21h30 Travers de la Horaine. J'ai décidé de continuer malgré la nuit, une fois la Horaine doublée, la mer sera plus douce. Les phares sont éteints – un peu scabreux – le compas est fou, mais le clair de lune nous aide. Pour la nuit j'organise le convoi pour que le Mousson fasse le chien de garde. Tous les feux doivent être éteints, seul le « Mousson » montrera un feu rouge quand il y aura des traînards et un feu vert quand tout ira bien.
19 juin
06h00 Entrons en rade de Morlaix. Stupeur ! Encore le feu ! Ils nous ont donc gagné de vitesse ! Ordre de mouiller en rade, Brest étant envahi ce jour. L'As et son convoi rentrent en rade de Paimpol.
20 juin
Morlaix. L'Administrateur ne sait rien et interdit la rentrée dans les bassins. En début d'après-midi il nous conseille de fuir sur les côtes sud de l'Angleterre. Je le regarde stupéfait. Le vent souffle en tempête et les bateaux pilotés du Havre restent en rade. Trois heures plus tard. Contre-ordre avec défense de sortir. Mines magnétiques et entrée gardée.
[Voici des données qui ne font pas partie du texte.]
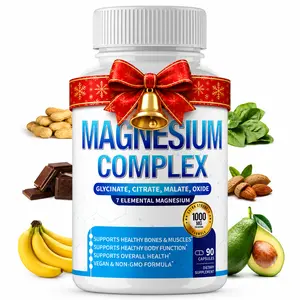 Magnesium Complex 1000mg Made with 7 Elemental Magnesium 90 Capsules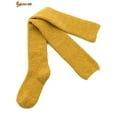 thumbnail image 2 of Spencer Women's Soft Warm Coral Fleece Knee High Stockings Over the Knee Leg Warmer Cozy Fuzzy Socks "Yellow", 2 of 8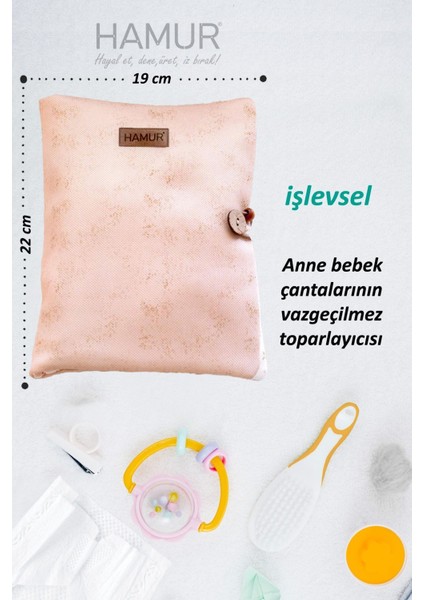 UltraNova Bebek bakım ve değişim çantası, rahat ve şık omuz çantası, bej renkli, tekstil indirimleri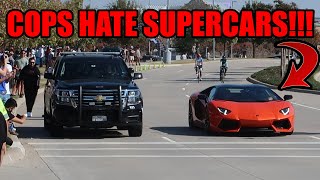 POLICE CHASE DOWN SUPERCARS THAT SEND IT LEAVING DALLAS CARS AND CANTINA!!!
Pris disposition pour garer le matériel au mieux.
Plusieurs articles de cette période portent sur ces bateaux en Bretagne. - Courrier Union Normande du 12 septembre 1940 Demande d'obtenir des
Allemands le bon de Réquisition des remorqueurs AS, Cyrano et Caprina ainsi que pour le Taute s'il est pris à son tour. - Courrier du 05 janvier 1944 Courrier du directeur de l'Union Normande qui donne pleins pouvoirs à Joseph Jacq qui le représente afin de récupérer tout ou partie des chalands, automoteurs et remorqueurs que nous pourrions avoir en souffrance dans les ports de Bretagne et en particulier à Brest, Saint-Malo, Cherbourg et autres. (Cherbourg est placé en Bretagne.) - 14 mars 1947 - Courrier Union Normande qui recommande le même capitaine Jacq pour qu'il aille à Biesboch en Hollande pour examiner les travaux sur le remorqueur Aramis.
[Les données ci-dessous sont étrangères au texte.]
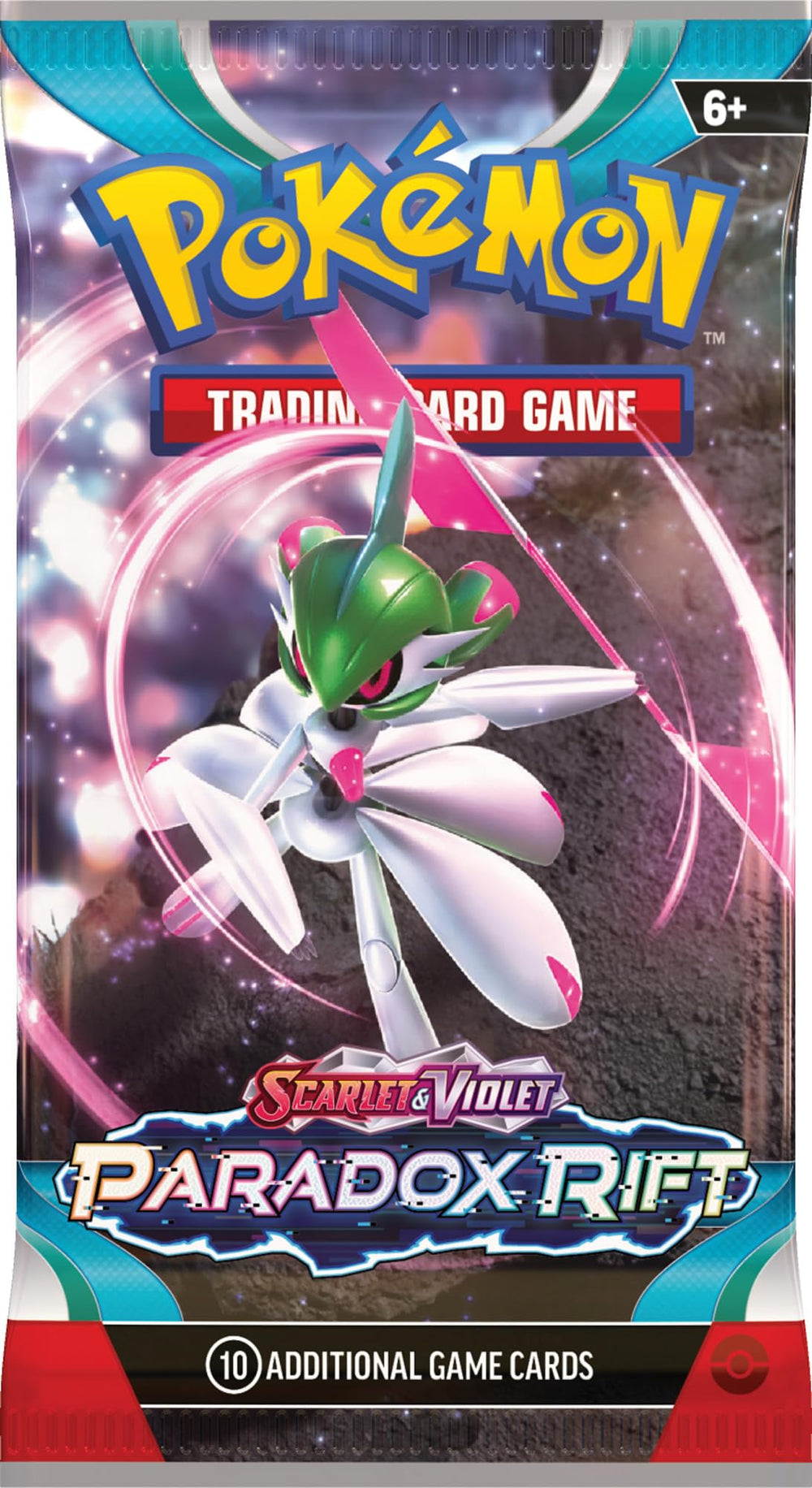 Pokemon Iron Hands EX card art highlighting a future Pokemon with power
L'avancée rapide des troupes Allemandes en mai – juin 1940 surprend les
mariniers les obligeant à improviser une fuite éperdue. Les automoteurs repliés sur la Rance seront requis par la marine allemande pour ravitailler les îles anglonormandes occupées au départ de Granville ou de Le Minihec. Un des automoteurs a été coulé à Jersey en août 43. 7 ont été coulés ou échoués entre Granville et la Rance en juillet-août 44. 3 qui s'étaient réfugiés à JerseyGuernesey en juillet 44 sont été récupérés en 45 à Granville. A la déclaration de guerre en septembre 39, on avait fait une "toilette de mer", et on les avait acheminés vers les ports français de la Mer du Nord et de la Manche, puis vers la Seine. Les 8 survivants ont fait route ensuite vers la Bretagne. Le convoi composé principalement de péniches Freycinet a quitté Honfleur pour la mer le 9 juin 40 et a contourné le Cotentin pour se retrouver après bien des vicissitudes à Paimpol ou à Morlaix. Le Bizerte en service des îles Anglo-Normandes est le 1 er octobre 46 à Guernesey en attente de rapatriement et navigue toujours sous le nom de Maurice Barrés. Plusieurs seront rebaptisés Rhenus suivit d'un numéro. Il faut préciser qu'aucuns des automoteurs sujets de cette histoire d’exode ont été réquisitionné pour l’opération Seelöwe.